Les Français ont vu, avec effroi et dégoût, les attaques contre les symboles les plus sacrés de notre Histoire, contre ce qui fait la France, comme le saccage tout près de la tombe du soldat inconnu au pied de l’Arc de Triomphe. Les Français ont aussi vu les policiers et les gendarmes en première ligne pour protéger ces symboles, pour protéger les manifestants, et qui ont tenu, avec sang-froid, avec professionnalisme, et malgré un degré de violence inégalé. Ils n’ont pas vacillé. Ils ont servi, avec honneur et avec courage.

C’est pourquoi le Gouvernement veut ici vous remercier, vous, l’ensemble des forces de l’ordre qui ont été mobilisées chaque week-end, pendant des mois, lors des très nombreuses manifestations de gilets jaunes, pour préserver l’ordre républicain à Paris, et, en province. Les CRS, les équipes de gendarmerie mobiles, les unités de la Préfecture de Police de Paris mais aussi les unités territoriales de police et de gendarmerie.

Nous voulons aussi avoir, avec Marlène Schiappa, une pensée toute particulière et exprimer notre profonde sympathie pour les 2000 policiers et gendarmes blessés lors de ces manifestations. Réaffirmons que toute violence contre les forces de l’ordre est inacceptable. Car attaquer un policier, attaquer un gendarme, c’est attaquer la République. Vous pourrez toujours compter sur notre soutien dans l’exercice difficile de vos missions, un exercice exigeant et dangereux mais indispensable.

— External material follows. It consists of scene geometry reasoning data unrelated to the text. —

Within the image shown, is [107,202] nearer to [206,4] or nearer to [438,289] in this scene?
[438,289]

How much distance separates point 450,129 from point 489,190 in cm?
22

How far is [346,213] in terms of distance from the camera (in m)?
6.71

Et je sais pouvoir compter sur votre engagement pour la nouvelle journée de mobilisation des « Gilets jaunes » de demain. Qu’on les appelle Black Blocs, ultra-jaune, ultra-gauche, ultra- droite, la République ne peut pas reculer devant le mal extrémiste. Les soldats de la loi et de la volonté générale doivent et vont s’imposer. Répétons haut et fort, chaque jour, une évidence démocratique : le monopole de l’usage de la force appartient aux représentants de l’Etat, aux policiers et aux gendarmes qui maintiennent l’ordre républicain en toutes circonstances. Cet ordre est la condition de la Liberté. Car dans notre démocratie, chacun peut exprimer ses opinions, se réunir librement, manifester sur la voie publique, en exerçant ses droits politiques dès lors qu’il ne trouble pas l’ordre public. La violence ne sera jamais un moyen d’action. L’Etat n’acceptera pas, sous peine de s’effondrer, que les opinions s’expriment à travers des actes violents et inacceptables.

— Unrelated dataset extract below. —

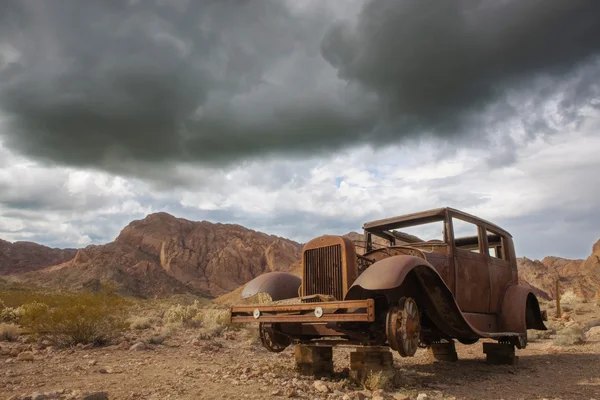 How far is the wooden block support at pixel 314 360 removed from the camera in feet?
19.6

« L'ordre, et l'ordre seul, fait en définitive la liberté. Le désordre fait la servitude. » écrivait déjà le grand Péguy. C’est l’ordre républicain qui rend possible la liberté d’expression, de réunion, de manifestation. C’est vous, CRS, qui permettez à nos valeurs de ne pas se cantonner à un concept dans des livres ou des expressions, mais bien de se traduire concrètement dans la vie des Français. Et ce sont ces libertés fondamentales que le schéma de maintien de l’ordre entend préserver.

Manifester est un droit garanti constitutionnellement. C’est une richesse pour chacun des citoyens Chaque français, chaque citoyen de notre pays peut défiler, déclamer son engagement, crier son opposition ou ses propositions. Même, et surtout lorsque cela déplait au pouvoir et à la majorité, l’honneur de la République est de laisser ceux qui ne sont pas d’accord le dire et sa fierté est de les protéger.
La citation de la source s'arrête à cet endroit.